Volto a este tema, depois de ter lido muitos erros e clichés sobre este movimento, nomeadamente no nosso país. Às vezes porque as análises se ficam pelo superficial, outras vezes porque se limitam a descarregar os estereótipos tradicionais que existem sobre a vida política norte-americana. Os Estados Unidos são normalmente divididos na Europa entre os bons (democratas e liberais) e os maus (republicanos e conservadores). O Tea Party, sendo um movimento eminentemente conservador, já foi colocado no lado mau, e por isso, será sempre encarado como extremista e radical. Várias vezes já o vi colado à extrema-direita racista. Nada de novo, pois esta caracterização até tem vindo a ser explorada pelos Democratas nos Estados Unidos, sendo que a sua visão partidária e parcial faz sempre escola na Europa. O que é dito pelos meios liberais americanos é sempre uma verdade incontestada para alguns.

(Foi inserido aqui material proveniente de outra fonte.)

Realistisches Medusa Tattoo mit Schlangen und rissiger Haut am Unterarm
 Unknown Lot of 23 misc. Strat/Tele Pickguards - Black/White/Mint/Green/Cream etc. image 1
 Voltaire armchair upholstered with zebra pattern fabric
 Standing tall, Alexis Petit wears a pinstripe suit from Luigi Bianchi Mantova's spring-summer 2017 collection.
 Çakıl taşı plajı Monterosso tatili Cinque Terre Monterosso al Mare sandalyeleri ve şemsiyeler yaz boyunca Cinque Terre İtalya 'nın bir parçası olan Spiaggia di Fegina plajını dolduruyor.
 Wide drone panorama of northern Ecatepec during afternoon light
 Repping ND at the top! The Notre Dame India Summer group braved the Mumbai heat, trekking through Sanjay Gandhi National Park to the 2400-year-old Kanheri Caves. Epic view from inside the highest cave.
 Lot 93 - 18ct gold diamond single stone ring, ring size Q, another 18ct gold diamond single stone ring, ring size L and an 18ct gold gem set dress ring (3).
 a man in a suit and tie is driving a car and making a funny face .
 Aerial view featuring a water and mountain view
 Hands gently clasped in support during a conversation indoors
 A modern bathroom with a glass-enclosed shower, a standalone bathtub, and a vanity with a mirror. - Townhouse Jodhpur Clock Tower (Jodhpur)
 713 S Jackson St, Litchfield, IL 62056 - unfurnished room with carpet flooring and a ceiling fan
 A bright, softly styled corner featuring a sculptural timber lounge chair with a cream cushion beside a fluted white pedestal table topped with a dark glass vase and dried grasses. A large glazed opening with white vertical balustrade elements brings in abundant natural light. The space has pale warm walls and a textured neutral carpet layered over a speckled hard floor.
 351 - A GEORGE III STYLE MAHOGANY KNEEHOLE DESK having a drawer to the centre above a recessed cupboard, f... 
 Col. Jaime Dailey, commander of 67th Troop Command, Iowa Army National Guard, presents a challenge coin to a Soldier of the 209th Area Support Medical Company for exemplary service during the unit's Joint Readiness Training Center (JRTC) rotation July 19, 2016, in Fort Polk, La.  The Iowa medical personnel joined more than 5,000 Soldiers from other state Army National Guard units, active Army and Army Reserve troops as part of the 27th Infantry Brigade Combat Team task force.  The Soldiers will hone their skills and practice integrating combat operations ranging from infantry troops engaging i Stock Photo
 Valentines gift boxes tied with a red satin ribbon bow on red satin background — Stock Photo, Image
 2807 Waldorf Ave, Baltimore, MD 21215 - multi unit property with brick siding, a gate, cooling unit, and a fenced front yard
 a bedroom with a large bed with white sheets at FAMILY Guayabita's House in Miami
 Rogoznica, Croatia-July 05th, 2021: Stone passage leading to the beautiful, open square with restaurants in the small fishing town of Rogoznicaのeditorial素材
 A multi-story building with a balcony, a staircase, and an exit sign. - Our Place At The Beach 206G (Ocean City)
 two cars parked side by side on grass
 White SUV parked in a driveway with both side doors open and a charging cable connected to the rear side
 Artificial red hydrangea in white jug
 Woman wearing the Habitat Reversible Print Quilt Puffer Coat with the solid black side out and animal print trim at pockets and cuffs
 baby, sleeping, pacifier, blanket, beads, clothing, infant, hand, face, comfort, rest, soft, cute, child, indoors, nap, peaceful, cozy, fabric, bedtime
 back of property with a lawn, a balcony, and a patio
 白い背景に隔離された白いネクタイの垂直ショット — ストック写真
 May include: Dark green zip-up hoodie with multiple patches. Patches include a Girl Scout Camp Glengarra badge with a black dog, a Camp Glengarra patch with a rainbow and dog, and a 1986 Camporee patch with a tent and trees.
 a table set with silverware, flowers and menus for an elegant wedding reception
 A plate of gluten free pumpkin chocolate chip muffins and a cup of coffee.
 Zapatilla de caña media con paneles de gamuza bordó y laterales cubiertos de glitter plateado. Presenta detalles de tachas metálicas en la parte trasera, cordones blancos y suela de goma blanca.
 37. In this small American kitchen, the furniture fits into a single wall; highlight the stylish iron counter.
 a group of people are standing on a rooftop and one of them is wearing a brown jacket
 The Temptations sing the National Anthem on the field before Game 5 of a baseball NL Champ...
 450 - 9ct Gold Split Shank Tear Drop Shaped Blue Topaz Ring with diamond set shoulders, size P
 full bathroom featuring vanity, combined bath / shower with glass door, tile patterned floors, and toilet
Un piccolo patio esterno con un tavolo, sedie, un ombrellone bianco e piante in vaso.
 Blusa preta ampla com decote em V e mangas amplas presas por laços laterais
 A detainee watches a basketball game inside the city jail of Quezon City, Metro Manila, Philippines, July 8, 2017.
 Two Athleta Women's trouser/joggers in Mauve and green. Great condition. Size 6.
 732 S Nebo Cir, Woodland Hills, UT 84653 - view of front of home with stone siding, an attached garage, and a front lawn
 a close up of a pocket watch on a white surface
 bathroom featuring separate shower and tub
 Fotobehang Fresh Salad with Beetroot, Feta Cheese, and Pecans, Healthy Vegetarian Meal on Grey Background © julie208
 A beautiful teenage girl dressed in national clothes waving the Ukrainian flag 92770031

Mas interessa primeiro saber quem são estas pessoas e o que defendem. A Gallup publica esta semana uma sondagem sobre o Tea Party esclarecedora sobre quem se considera parte deste movimento. Não surpreendentemente, 49 por cento são republicanos, 43 independentes e apenas 8 por cento democratas, sendo que 28 por cento dos americanos considera-se representado pelo movimento. Quase um terço da população, o que não deixa de ser significativo. Mas esta sondagem também indica que os dados demográficos não estão longe de acompanhar a realidade social americana. E o que defendem estas pessoas?
O Tea Party nasceu em oposição ao expansionismo do governo federal, nomeadamente com o plano de estímulo de Barack Obama, que se alargou à contestação da reforma da saúde. Menos impostos, menos governo e maior liberdade individual. Um movimento genuinamente americano, que surge em consonância com a tradição conservadora que faz parte do património político do país. Mas como sempre sucede em movimentos populares do mainstream americano, e este movimento já pode ser considerado como tal, surgem vozes radicais que, apesar de ultra-minoritárias, assumem um protagonismo excessivo no discurso público. E é o que tem acontecido em muitas manifestações do Tea Party, com radicais a dominarem as atenções dos media. Cartazes exagerados, gritos de ordem extremistas e alguns dos seus oradores, como vimos recentemente no discurso de Tom Tancredo na Convenção Tea Party, a transporem para a opinião pública um carácter radical e caricatural do movimento. Mas a esmagadora maioria dos seus membros são simples cidadãos americanos preocupados com o rumo do país. As tendências social-democratas da políticas da Administração Obama suscitariam sempre uma reacção categórica da sociedade americana. Ninguém esperava que o governo americano expandisse o seu papel sem que recebesse uma oposição deste género. Num país maioritariamente de centro-direita, e que faz das suas raízes individualistas uma das suas forças culturais, o Tea Party é uma correspondência objectiva dessa tradição. Muitos americanos estão preocupados com o rumo do país, e o crescimento da despesa federal, que começou nos anos Bush, e os défices exagerados que o governo terá nos próximos 10 anos, são o mote para esta contestação.
Se os republicanos conseguirem aproveitar a força deste movimento em seu favor, sem com isso desviarem-se demasiado para a direita, poderão obter excelentes ganhos em todo o território americano. Não por acaso alguns dos estados mais liberais da União, como o Delaware, Illinois ou até a Califórnia, poderão eleger senadores republicanos. Esta relação com os tea partys, se for bem gerida, poderá ser a chave do sucesso republicano de 2010.